Fome e falta de água
Um outro problema do município do Piauí sempre foi a escassez de água, uma condição que é muito relacionada a quadros de pobreza e fome em zonas rurais de semiárido, diz Palmeira.
Segundo o IBGE, a proporção de domicílios particulares com insegurança alimentar moderada ou grave nas zonas rurais foi de 12,7% em 2023, contra 8,9% nas áreas urbanas.
“Quando a gente fala da superação da insegurança alimentar numa região rural do semiárido, a gente fala de levar água, de criar condições de irrigação da terra”, afirma Palmeira.
No caso de Betânia do Piauí, o Instituto Novo Sertão teve que realizar pesquisas e consultorias junto a universidades e à Embrapa para entender as melhores técnicas de plantio de hortaliças com pouco uso da água.

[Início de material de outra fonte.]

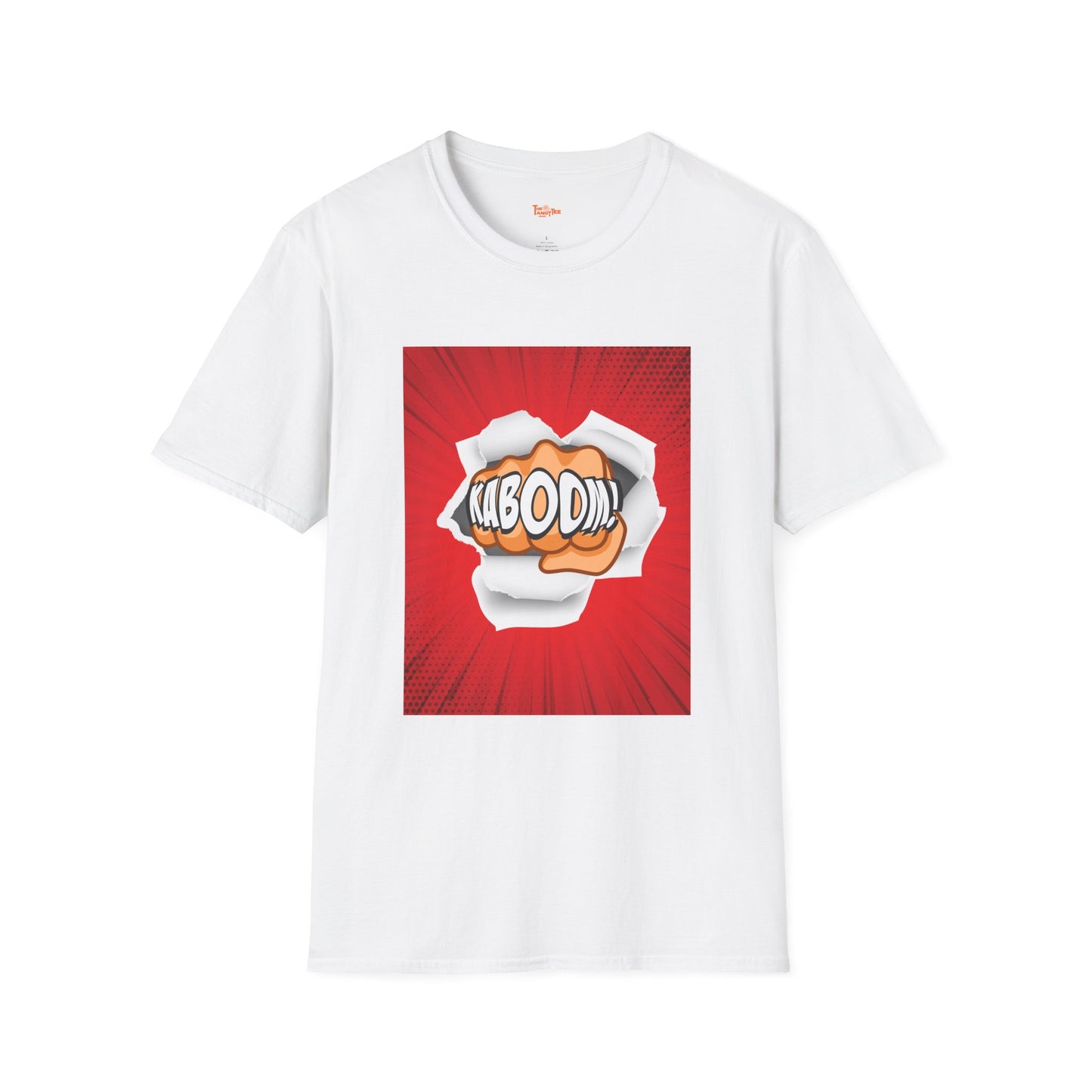 Unisex Tee Kaboom Fist Punch Graphic T-Shirt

Vários métodos foram implementados de acordo com a estrutura dos quintais de cada agricultor, conta Simara Coelho, coordenadora da ONG.
Como perfuração de poços artesianos, construção de cisternas-calçadão, irrigação por pote de barro, além de sistemas de reuso de águas cinzas para plantio de frutas (saiba detalhes no vídeo acima).